# Town generation algorithms

In this RPG.SE post a long-lost page with several online generators is mentioned.

I'm particularly curious about the way towns were generated. Take this image for example:

Although a lot of things could be improved graphics-wise, it was very good considering the tools available at the time (mid to late 90s):

• The road layout seems fairly organic (even considering all roads are placed in an orthogonal manner).
• Not all roads are necessarily connected, but it feels right.
• Buildings are placed in believable spots.
• Even trees seem to be placed in logical spots.

I think it would be fun to give it a shot and try it myself. Especially since my previous attempts have been too "blocky":

You'll notice that I'm describing many of the qualities with not-quite-measurable adjectives (seems, feels, believable, etc) so I'm having a hard time translating them to instructions and ultimately to an algorithm.

## Are there any tried-and-true algorithms for town generation?

I understand this seems to be too broad, so consider this: If I asked for an algorithm for generating maps of continental land masses, I'd get references to Perlin and other noise algorithms right away; closely followed by Voronoi.

I've seen questions like this one but they seem to have a more concrete idea already in mind (ie: 2x2 houses, fixed number of houses, canal and road placement restrictions).

What I'd like to have is something less constrained. Except maybe for the grid layout, which should be a lot easier for a first attempt than, say, L-system.

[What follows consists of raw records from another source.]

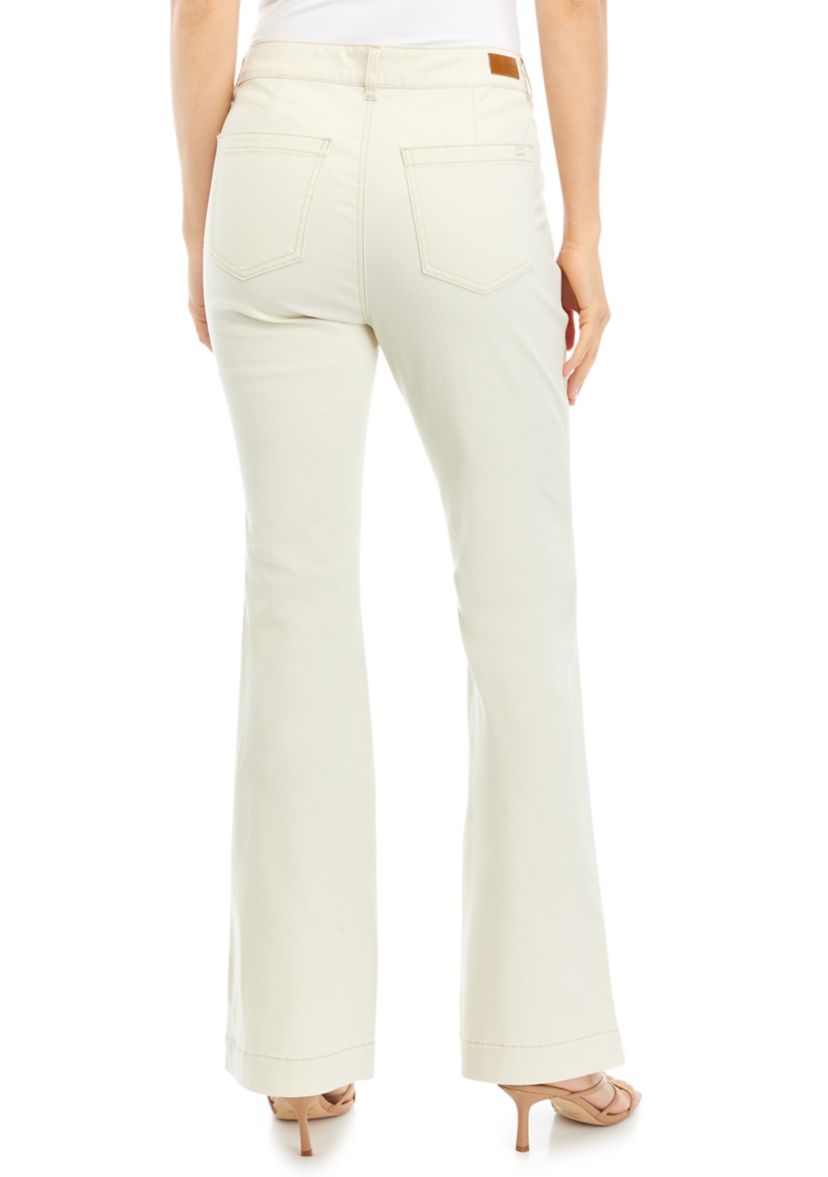 Womens Button Fly Flare Jeans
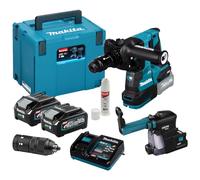 makita HR004GM202 SDS-PLUS - Martillo combinado con batería (40 V, máx. 4,0 Ah, 2 baterías + cargador en MAKPAC con extracción de polvo DX14)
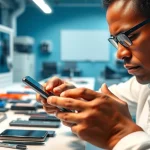 Servizio di Torino riparazione cellulari con un tecnico esperto al lavoro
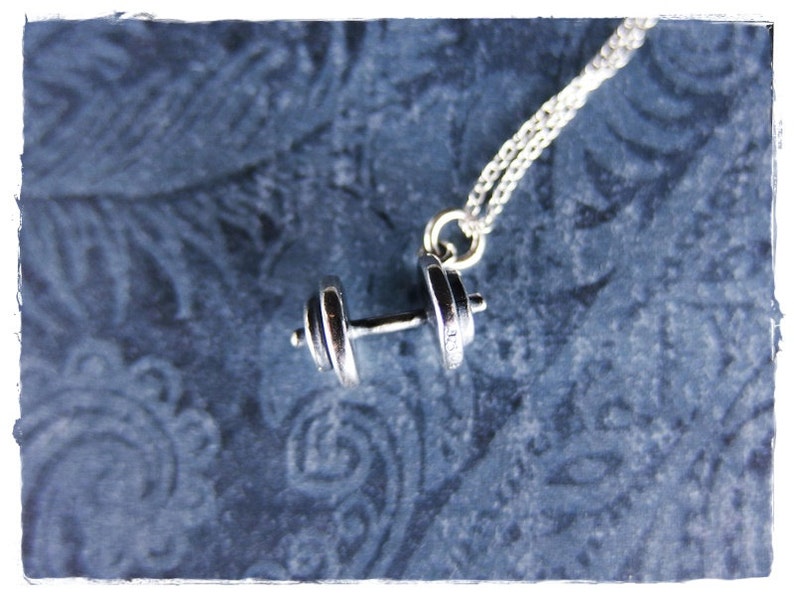 Silver Dumbbell Necklace Sterling Silver Dumbbell Charm on a Etsy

• Listing algorithms for a broad problem domain usually ends up too broad to answer well in our Q&A format. We generally have better luck with "How can I generate game content with these specific characteristics" - where you provide a number of criteria or positive/negative examples we can use to evaluate potential answers and rate the best proposal. Can you try editing your question to explain in more detail what makes a suitable town output versus a less suitable one? Commented Aug 2, 2018 at 19:22
• too broad, especially since such generators are most likely composite ones (e.g. step 1 generate roads, step 2 generate houses, step 3 generate trees). If you can narrow things down to a specific generator, and what specific problems you're having with that, that would be less broad. Commented Aug 3, 2018 at 1:53
• We also have this question on procedural city generation. It might help if you could articulate how your needs differ from that question. Commented Aug 3, 2018 at 2:32
• No great answer here, but one thing I notice is that in the good example, every building is next to a road, whereas in your example, they are not. Commented Aug 3, 2018 at 4:49
• @user1118321: Actually, houses are not always next to a road, but either the plots are (Modern approach) or at least there is a way to the next road (maybe older approach, not like a backyard house). So spaces are not that unnatural, as market places for example. Commented Aug 3, 2018 at 9:44

Introversion Software made a really impressive city generator for their cancelled indefinitely suspended project Subversion:

The algorithm is designed to generate large, modern metropoles. But the same techniques can be used to generate more rural settlements.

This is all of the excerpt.